Intelligence does the reading. Humans keep the judgment.
The right division of labor is not “AI writes the emails.” It is narrower and more useful: intelligence does the work that scales with information — reading a company's site, matching a visitor to a persona, drafting an artifact grounded in what was read — and humans hold the work that scales with consequence: what the offer is, who it is for, what the system is allowed to promise, when a thread becomes a conversation.
Put plainly: the machine reads ten thousand pages so a person never has to skim one, and a person decides what matters so the machine never has to guess. Systems that blur this line in either direction fail — fully automated motions say nothing worth reading, and fully manual ones can't afford to read anything at all.
Judgment placed at the right checkpoints is not a bottleneck. It is the quality gate that makes the rest of the system trustworthy enough to run.
The artifact is the argument.
If you want a stranger's attention, give them something worth keeping. Not a meeting request dressed as a favor — an actual artifact: a piece of work, built for them, that is useful whether or not they ever reply.
An artifact built from real reading — their site, their market, their likely role — makes its own case. It demonstrates the capability instead of describing it. The pitch and the proof collapse into one object, and the buyer's first experience of you is receiving value rather than fielding a request.
This is the principle the whole system serves. Identification, persona matching, and delivery are plumbing; the artifact is the point. A go-to-market motion is only as good as the thing it puts in a buyer's hands.
Build it the way it sells.
Inferred is a holding company of go-to-market systems, and it runs on the architecture it sells. The same event-driven blocks, the same typed contracts, the same cost instrumentation that power client motions power Inferred's own pipeline. There is no demo environment — the company is the demo.
Kringle is the first expression of the method: it identifies the companies bouncing off your website, matches them to your buyer personas, and sends each one an educational email experience built for that person — an artifact, not an ask. More systems will follow, each one a different motion built on the same architecture.

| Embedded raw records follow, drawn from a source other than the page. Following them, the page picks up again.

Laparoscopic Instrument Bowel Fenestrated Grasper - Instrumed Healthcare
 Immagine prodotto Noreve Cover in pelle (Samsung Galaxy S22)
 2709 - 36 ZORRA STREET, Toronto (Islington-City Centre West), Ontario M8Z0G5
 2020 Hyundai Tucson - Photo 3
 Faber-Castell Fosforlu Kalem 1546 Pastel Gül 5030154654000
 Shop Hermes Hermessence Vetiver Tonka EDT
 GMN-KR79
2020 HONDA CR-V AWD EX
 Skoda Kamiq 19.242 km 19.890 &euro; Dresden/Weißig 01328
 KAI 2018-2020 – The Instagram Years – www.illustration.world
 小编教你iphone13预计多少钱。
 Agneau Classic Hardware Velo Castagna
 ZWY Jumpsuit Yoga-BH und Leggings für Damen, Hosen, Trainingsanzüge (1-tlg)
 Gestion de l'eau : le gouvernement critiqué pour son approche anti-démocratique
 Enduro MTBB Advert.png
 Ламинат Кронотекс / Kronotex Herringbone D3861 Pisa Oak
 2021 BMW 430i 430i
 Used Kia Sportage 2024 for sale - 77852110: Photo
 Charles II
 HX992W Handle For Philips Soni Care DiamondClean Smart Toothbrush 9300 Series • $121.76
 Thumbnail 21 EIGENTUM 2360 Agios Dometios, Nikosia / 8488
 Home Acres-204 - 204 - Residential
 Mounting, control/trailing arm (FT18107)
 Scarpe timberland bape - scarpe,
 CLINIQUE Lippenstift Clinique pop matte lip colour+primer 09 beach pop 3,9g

We think this is what go-to-market looks like after the volume era: smaller, sharper, instrumented, and honest about whose attention it is spending. Companies that re-architect now will compound while their competitors keep shouting into tightening filters.
Who is behind Inferred
Inferred is built by Scott Strang, a solo founder who spent his career in B2B go-to-market before concluding that the playbook he ran was structurally finished. Rather than write about that thesis, he is operating it: Inferred is a holdco of GTM systems — Kringle is the first — designed, built, and run as the architecture it sells.
The company itself is the proof of the method. One person, a typed event-driven system, and a standing rule that nothing leaves the building unless it is worth the reader's attention.